Should be some good racin. I'm ready bring it Monkey!! Lol


----------



## darrenwilliams (Apr 21, 2008)

Now with more cow bell


----------



## tebone626 (Apr 25, 2010)

cant wait to get my swagger on.


----------



## tebone626 (Apr 25, 2010)

you guys gonna have the porta toilets out there again?


----------



## hotrodchevy_77 (May 9, 2009)

Yes we have a porta can. Cow bells 2.0 are very functional!!


----------



## tebone626 (Apr 25, 2010)

lol thanks. mama told me to ask, she wasnt coming if you didnt. see you guys in the morning.


----------



## tebone626 (Apr 25, 2010)

all most time to get off work and head out to the races. woo hoo.


----------



## darrenwilliams (Apr 21, 2008)

Come on Reavis. We built a triple just for you


----------



## Z-Man. (Mar 20, 2011)

Oh my God that was the best race i have ever seen


----------



## Labrat99 (May 6, 2009)

Lots of fun today guys. Thanks. And for the record, Darren & Derick both kicked my butt in e-buggy. Well done gentlemen.


----------



## Verti goat (Jun 16, 2009)

"Today was a good day" - Ice Cube


----------



## RMOSLEY (Apr 29, 2010)

That was a good
time- excellent job on the new layout!


----------



## RMOSLEY (Apr 29, 2010)

Verti goat said:


> "Today was a good day" - Ice Cube


Lol congrats!


----------



## tebone626 (Apr 25, 2010)

new layout was awesome. congrats to Derick for his win in e buggy. great race with Marrow, and Mad dog. gonna lay down and get some rest now, see you guys next weekend.


----------



## darrenwilliams (Apr 21, 2008)

Some great racing. Mark and MadDog were awesome in the main and the shootout afterwards between them to break the tie for 1st place points was some great Mano a Mano racing. Congratulations to Mad Dog. 

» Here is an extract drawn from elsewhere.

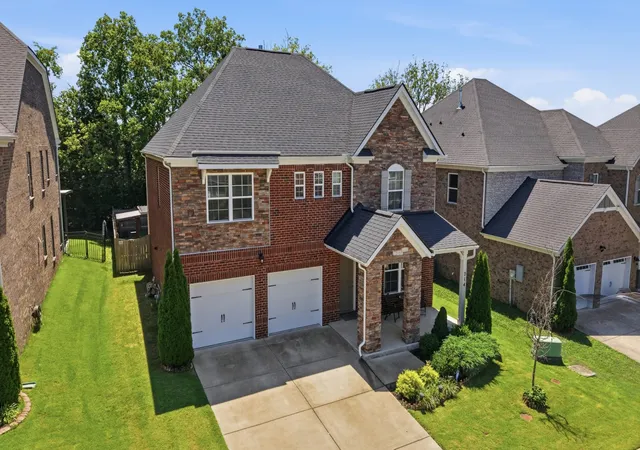 Photo 2 of Single family home for sale at 214 Campbell Cir, Mount Juliet, TN 37122 | MLS# 3248730 | Listing updated on 2026-09-19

Derrik, you kicked my *** what can I say? Wish I had an excuse other than lack of talent. Lol. There is always next time. Congrats on the win. Enjoy it. Rematch next week. 

Tons of $$$$ handed out. Big congrats to all the series winners. I will try to get everything posted up. 

Look for details soon for Swagger 3.0


----------



## tebone626 (Apr 25, 2010)

Darren, what was the email adress again. so i can get the results. thanks. 
mine is [email protected]. thanks


----------



## darrenwilliams (Apr 21, 2008)

Email me at [email protected] if you want to subscribe to our mailinglist.


----------



## monsterslash (Aug 4, 2010)

maybe try posting on 2cool that would be easy


----------



## JANKEII (Feb 2, 2006)

Had a awesome time again at the river. Thanks again
Love the new layout. Still took me some time not to hit the old quad full speed, and fly over half the track.


----------



## monsterslash (Aug 4, 2010)

Do one of you guys have the final results for the swagger series.


----------



## darrenwilliams (Apr 21, 2008)

Ido have them. Been busy with work this week. I will try to get them out this evening


----------



## darrenwilliams (Apr 21, 2008)

All race results have been mailed out. I don't know Derik's trick to pasting the results. I doubt Derik will be on much soon as he is rebuilding the track. If anyone knows how to post it from the email, go ahead.


----------



## tebone626 (Apr 25, 2010)

sent you an email, but i didnt recieve the results yet.


----------



## fast1970 (Feb 21, 2010)

hotrodchevy_77 said:


> Should be some good racin. I'm ready bring it Monkey!! Lol


 Brung...:mpd:


----------